I don’t know how long I stayed in bed that morning, doing nothing, but I think it was time well spent. It was good for me to wait while this bad news spread across my heart’s horizon. It was good for me to wait while neighbors slept and birds sang, while the sun finished its rising. And it was good for me to rise with it and go into the kitchen and put the kettle on and make a cup of tea, something no day, good or bad, can start without. It was good for me to take things slowly, to sit at the kitchen table and make phone call after phone call, and to cry between calls, and during them. It was good for me to come undone. It was a mercy.

 

The house soon filled with friends and family. There was food on the table and a kettle on the boil. The day passed. Night came. The phone rang. Sean again, “Daddy’s gone to God,he said. No histrionics, no dramatics, just a quiet unraveling on a Saturday night as earth was loosed from its orbit, as life gave way to death.
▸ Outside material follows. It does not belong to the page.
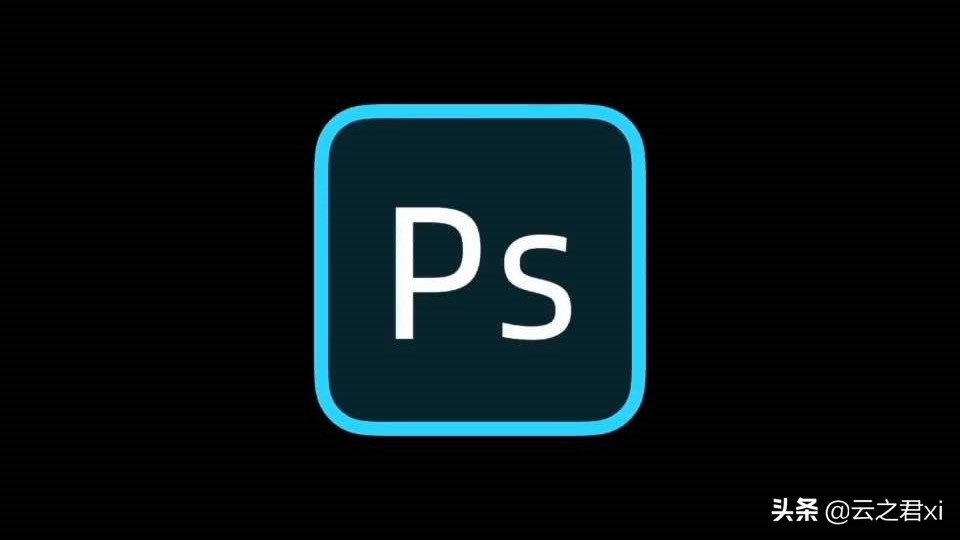 如何学习ps有效果,如何学习ps调色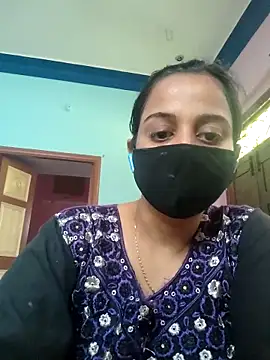 Tamilfathi online show from March 29, 2026, 6:57 am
Daddy’s gone to God. Powerful words. Words that stole one kind of hope -- Daddy’s gone -- only to bring another -- to God. I put the phone down and repeated the words. For a moment, there was only silence. The rain was coming down and through open windows I could smell the night air and hear the rustling of leaves in the wind. Squirrels settled for the night and birds curled into their nests with their young. Rosary beads clicked like heels against a floor as my aunts prayed. There was the hum of voices and laughter as my uncles told stories, the words drifting across oceans and time. Shirtsleeves and tissues and curled fists wiped away tears.

 

I went out onto the porch to be alone for a minute. I wanted to run away, back in time. But, instead, I stood spellbound there on a summer evening as the whole of the created world went about the important business of rising and falling, living and dying, rejoicing and grieving. The rain came down, the drops steady and clear as the truth. I felt them on my face. And it was a mercy.